Title: News of the World

Author: Paulette Jiles

Year Published: 2016

Category: Adult fiction
Pages: 224
Rating: 4 out of 5

Location (my 2020 Google Reading map)USA (TX)

FTC Disclosure: The author gave me a copy of this book for an honest review.

Summary (from the inside flap of the book): It is 1870 and Captain Jefferson Kyle Kidd travels through northern Texas, giving live readings to paying audiences hungry for news of the world. An elderly widower who has lived through three wars and fought in two of them, the captain enjoys his rootless, solitary existence.

In Wichita Falls, he is offered a $50 gold piece to deliver a young orphan to her relatives in San Antonio. Four years earlier, a band of Kiowa raiders killed Johanna’s parents and sister; sparing the little girl, they raised her as one of their own. Recently rescued by the U.S. army, the ten-year-old has once again been torn away from the only home she knows.

Their 400-mile journey south through unsettled territory and unforgiving terrain proves difficult and at times dangerous. Johanna has forgotten the English language, tries to escape at every opportunity, throws away her shoes, and refuses to act “civilized.” Yet as the miles pass, the two lonely survivors tentatively begin to trust each other, forging a bond that marks the difference between life and death in this treacherous land.

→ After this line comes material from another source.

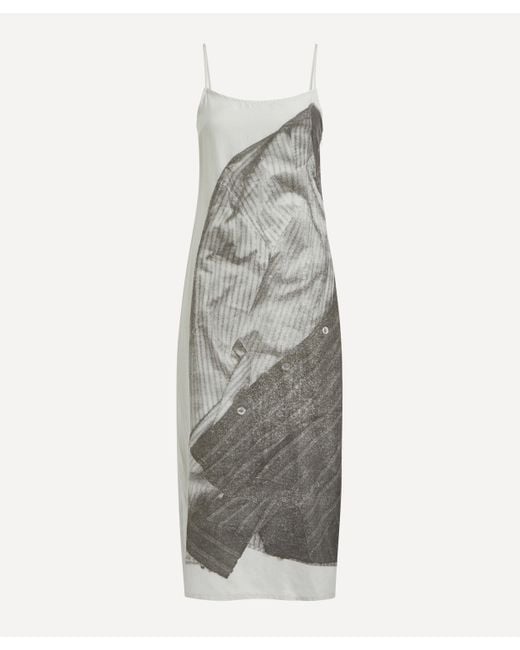 Paloma Wool Gray Women's Petra Printed Silk-blend Dress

Arriving in San Antonio, the reunion is neither happy nor welcome. The captain must hand Johanna over to an aunt and uncle she does not remember—strangers who regard her as an unwanted burden. A respectable man, Captain Kidd is faced with a terrible choice: abandon the girl to her fate or become—in the eyes of the law—a kidnapper himself. Exquisitely rendered and morally complex, News of the World is a brilliant work of historical fiction that explores the boundaries of family, responsibility, honor, and trust.
 
Review:  I forgot that Tom Hanks is starring in the movie adaptation of this book that comes out this week. When I searched for this book to get an image of the cover, up popped sites only about the movie.

I think I am going to be in the minority here when I say that this book was just okay for me. The writing is really good though I do like a book to use quotation marks around dialogue. The author's descriptions of their surroundings is excellent; I got a sense of what the trip through Texas looked and felt like. And, I think the story is interesting, especially given that it is based on history that did in fact happen during that time, but something about it just didn't totally grip me. It's not my favorite time period in history and perhaps that colored my opinon.

One other aspect that sticks with me is the white male savior storyline. I do like that he is kind and caring and that she warms to him, but I spent much of the book thinking about the Native American family that had raised her for 4 years and for the girl herself who had been torn from 2 families to now have to adjust to a third. Perhaps I was looking for stability during the pandemic, who knows. I am discussing this book with my high school girlfriends in January so we'll see what they all thought of it.

One thing I loved about this story is the fact that Captain Kidd traveled the state of Texas reading the news to people. I liked the descriptions of him preparing to do his readings and the readings themselves. I love that idea of those who could read sharing the latest news with others.